RAW DATA
==============================

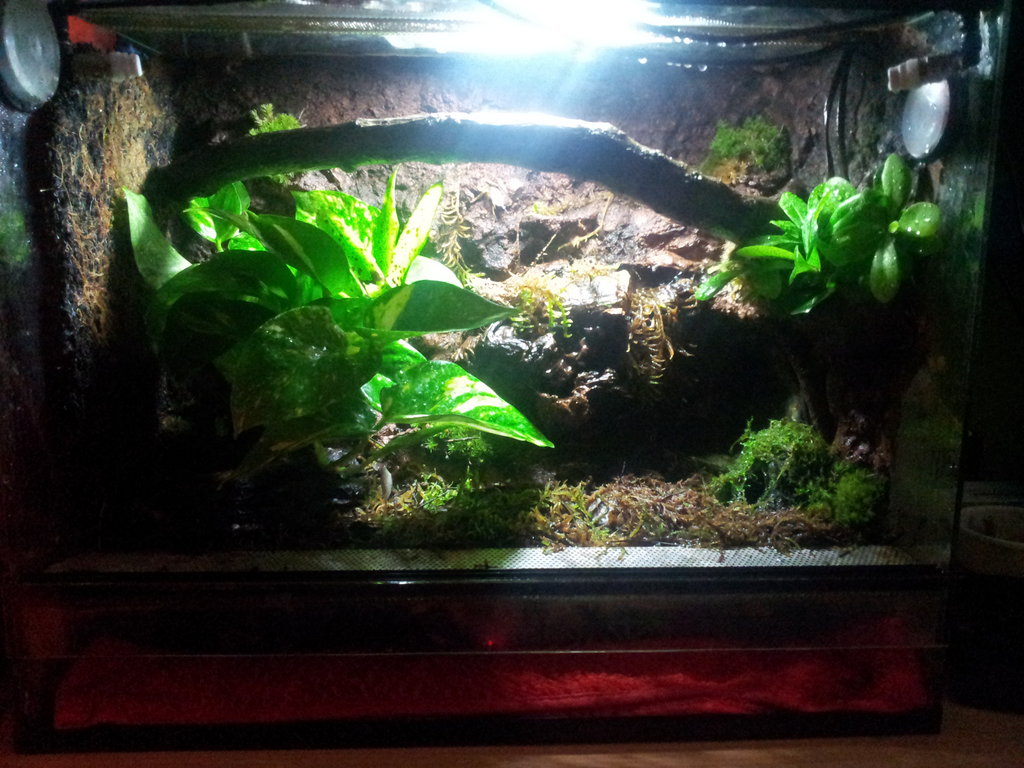 Terrario Dendrobates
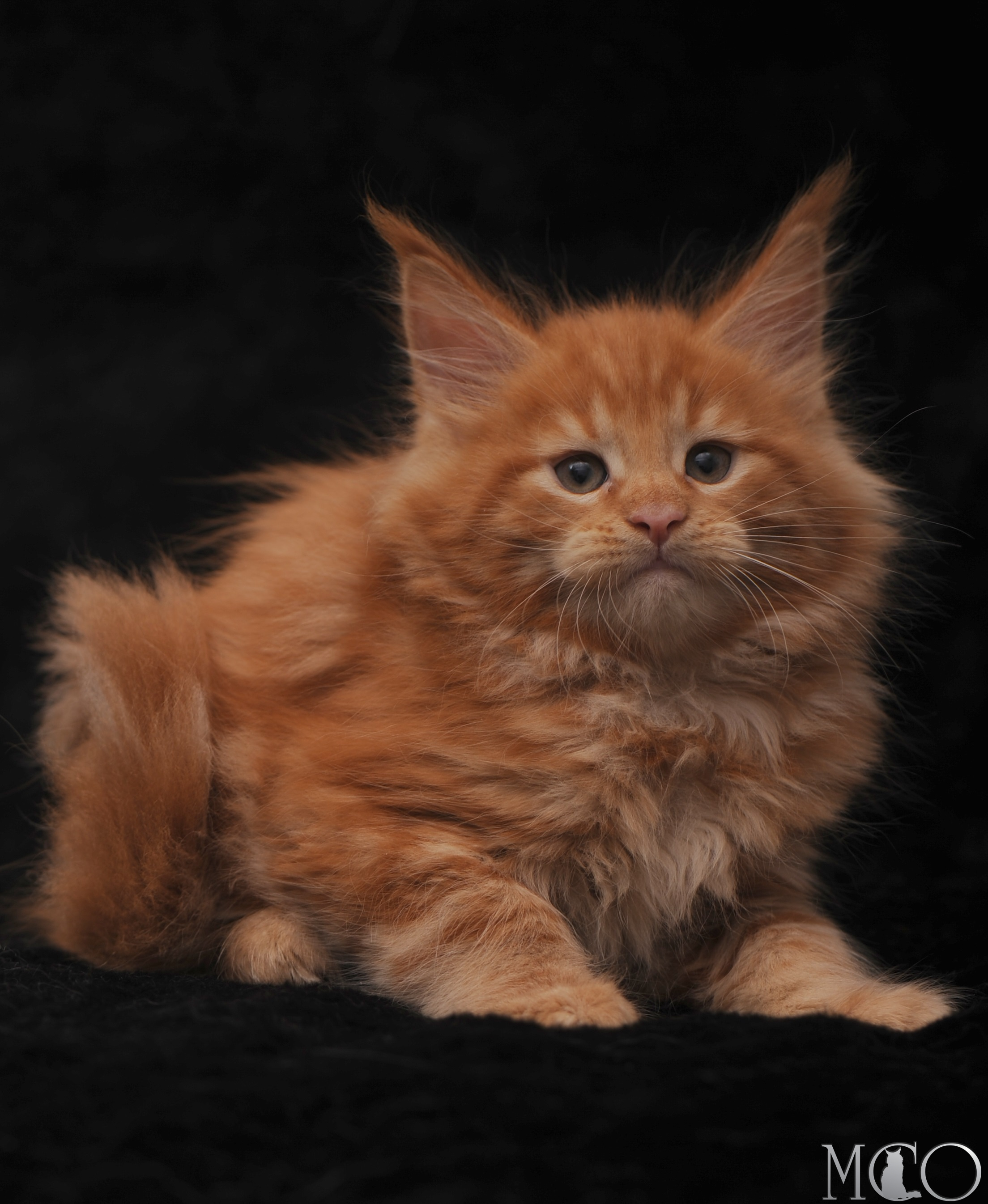 Купить котенка Мейн кун Stafy, d красный солид 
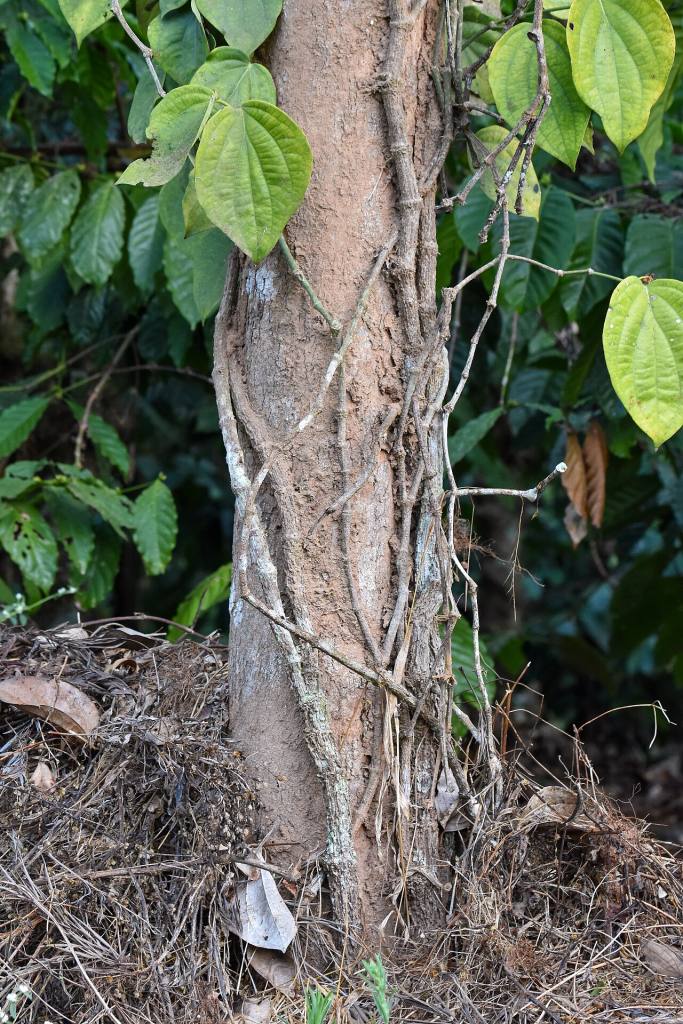 Phần gốc dây tiêu bám vào thân cây trụ sống
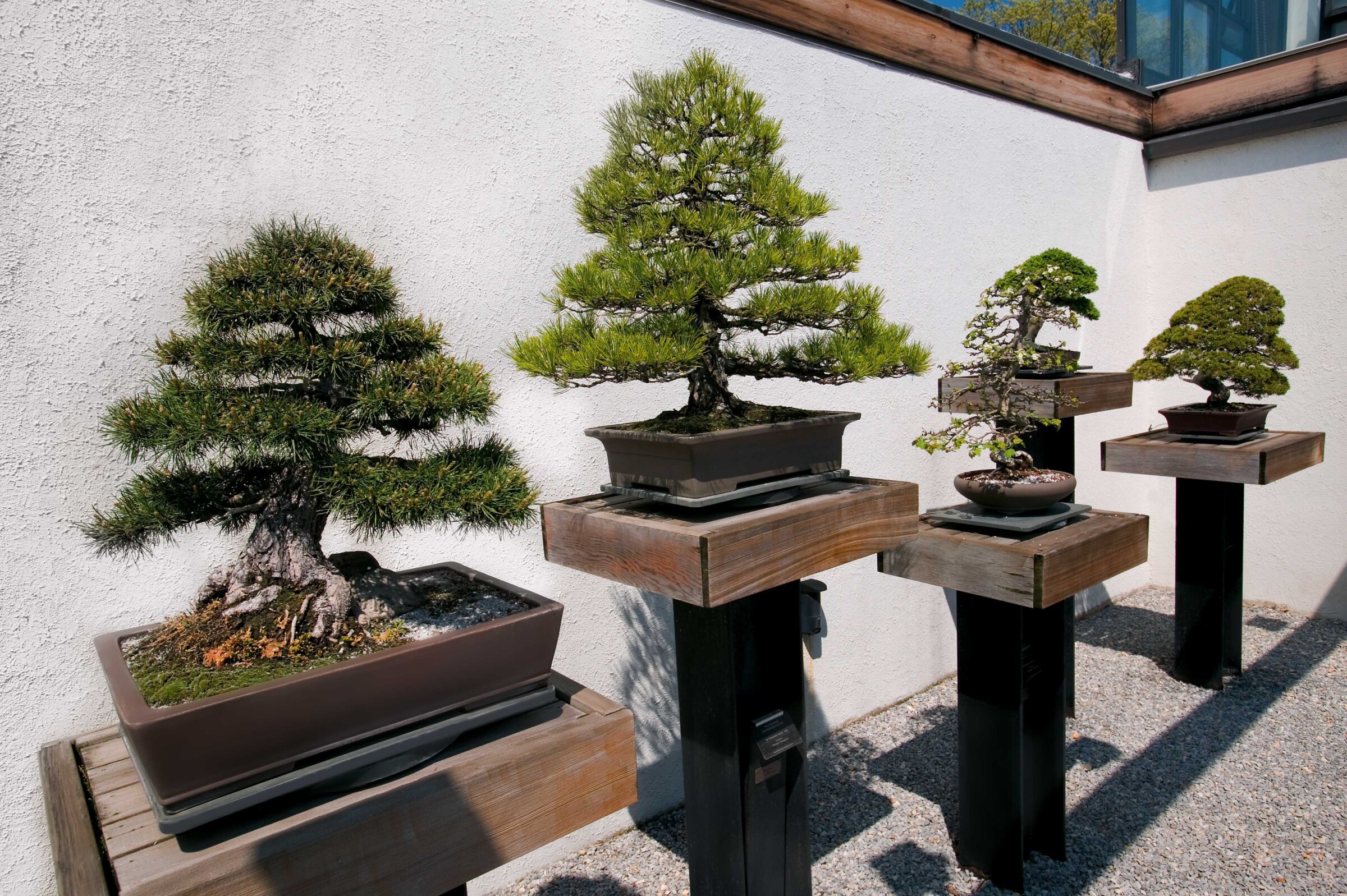 The once so exotic-looking bonsai has meanwhile found aficionados all over the world.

==============================

Give the preceding data back exactly, minus every picture.

 Terrario Dendrobates
 Купить котенка Мейн кун Stafy, d красный солид 
 Phần gốc dây tiêu bám vào thân cây trụ sống
 The once so exotic-looking bonsai has meanwhile found aficionados all over the world.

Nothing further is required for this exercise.